An IUP is granted to Indonesian legal entities, cooperatives, joint ventures and individuals, and involves two stages. The first is an exploration IUP, which includes a general survey, exploration, and feasibility study. The maximum period for an exploration IUP is:

• eight years for metals mining;

• three years for non-metals mining;

• seven years for certain non-metals mineral mining;

• three years for stone quarrying;

• and seven years for coal mining.

The second stage is a production-operation IUP, which includes construction, mining, processing and/or refining/smelting, transportation, and sales. The maximum period for a production-operation IUP is:

• 20 years for metal mineral mining, which may be extended twice for two 10-year periods;

• 10 years for non-metal mineral mining, which may be extended twice, for five years each;

• 20 years for certain types of non-metal mineral mining, which may be extended twice, 10 years each;

• five years for rock mining, which may be extended twice, five years each;

• and 20 years for coal mining, which may be extended twice, for 10 years each.

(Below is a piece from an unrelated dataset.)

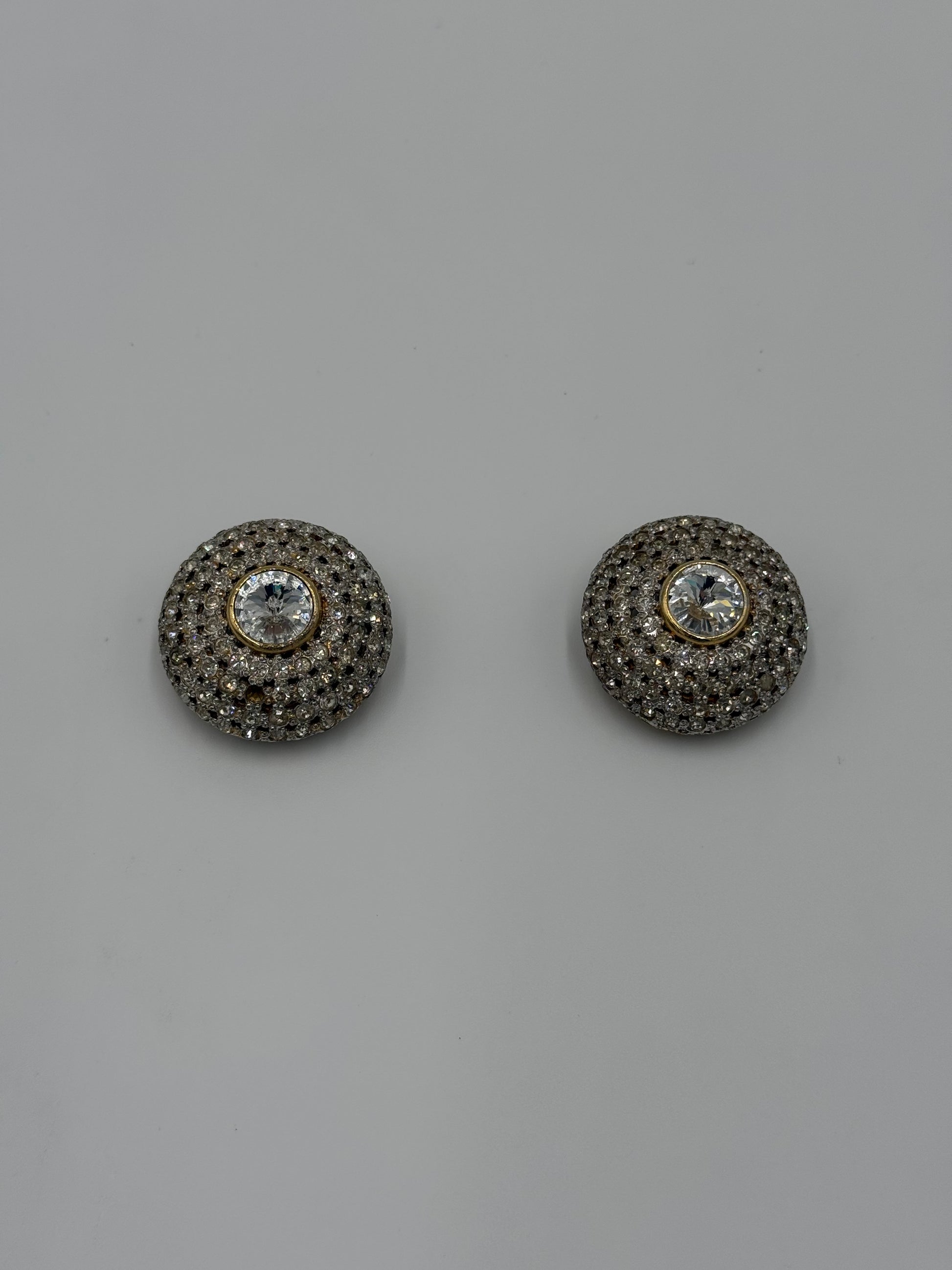 Valentino Garavani Orecchini Vintage Pavé di Cristalli Design a Cupola - Pally Vintage Closet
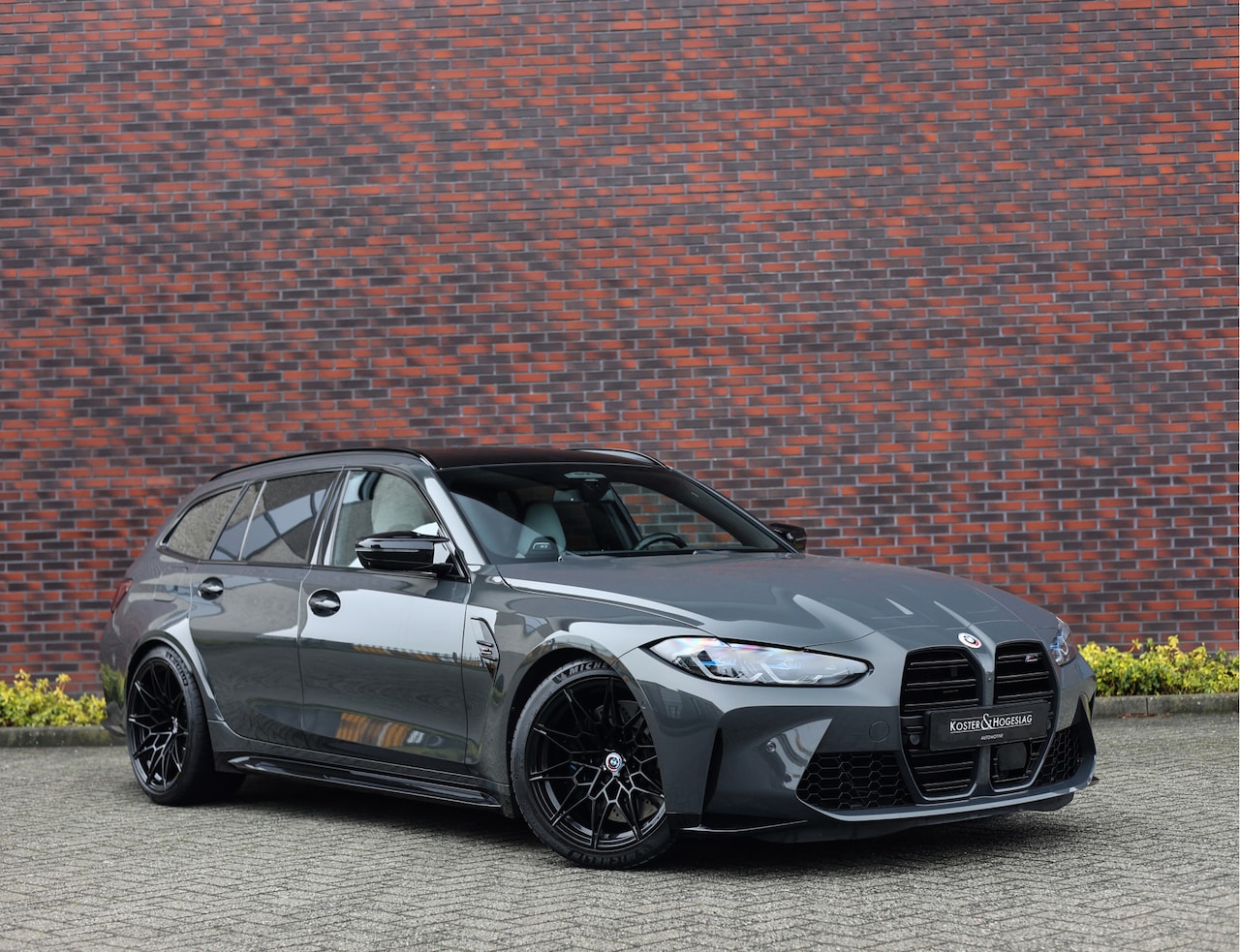 BMW 3-serie Touring - M3 xDrive Competition *Laser*HarmanKardon*DriversPack* - AutoWereld.nl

There are several types of areas granted to an exploration IUP and a production-operation IUP. They are:

• metals mining, with an exploration IUP for an area between 5000 and 100,000 ha, and a production-operation IUP, up to a maximum 25,000 ha;

• non-metals mining, with an exploration IUP for an area between 500 and 25,000 ha, and a production-operation IUP, up to a maximum of 5000 ha;

• stone quarrying, with an exploration IUP for an area between 5 and 5000 ha, and a production-operation IUP, up to a maximum of 1000 ha;

• and coal mining, with an exploration IUP for an area between 5000 and 50,000 ha, and a production-operation IUP, up to a maximum of 15,000 ha.

An IPR is a small-scale mining permit granted to individuals, up to a maximum of 1 ha, community groups (5 ha) and cooperatives (10 ha) for a maximum of five years and is extendable. An IPR may be issued for metal mineral mining, non-metal mineral mining, rock mining and coal mining.

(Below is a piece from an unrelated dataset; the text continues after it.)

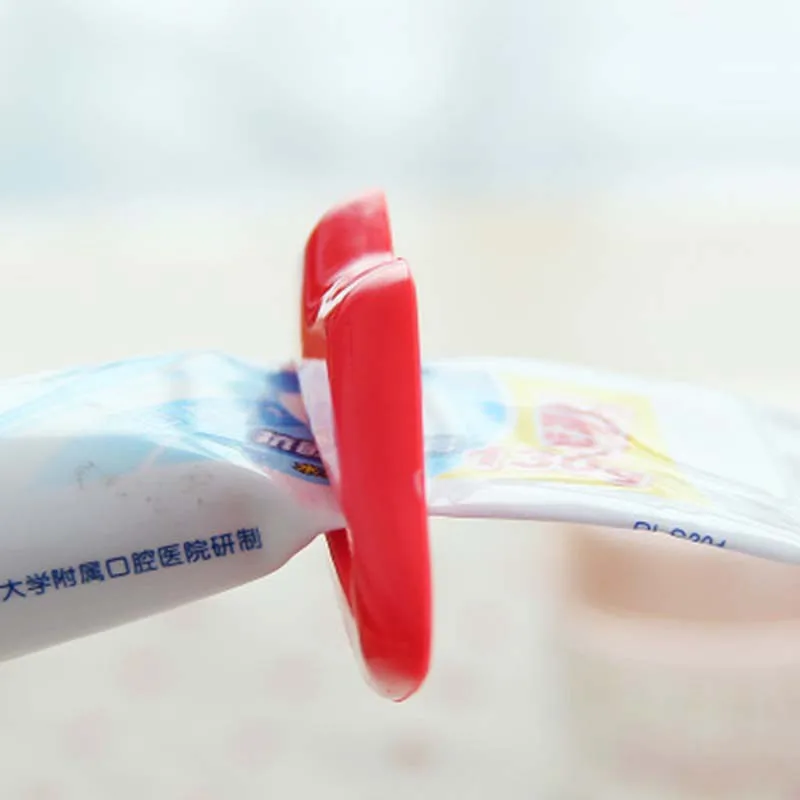 1 шт. лидер продаж новинка соковыжималка для зубной пасты в форме красных губ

An IUPK is a permit that is granted to Indonesian state-owned entities, Indonesian local-government-owned entities and Indonesian private entities. The entities that are granted and IUPK permit will use the permit to conduct mining activities in special mining permit areas, with priority being given to state-owned and local-government-owned entities; while private entities are required to enter a bidding process.

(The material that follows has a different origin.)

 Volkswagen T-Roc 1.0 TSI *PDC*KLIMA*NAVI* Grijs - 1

When an IUPK is issued, due consideration of the region’s interests should be given. An IUPK is currently only issued for metal mineral mining and coal mining. Like an IUP, an IUPK involves two stages. The first stage is an exploration IUPK. The maximum time period for an exploration IUPK is:

• eight years for metal mineral mining;

• and seven years for coal mining.

The second stage involved in an IUPK is a production-operation IUPK. The maximum period is:

• 20 years for metal mineral mining, which may be extended twice, 10 years each;

• 20 years for coal mining, which may be extended twice, 10 years each.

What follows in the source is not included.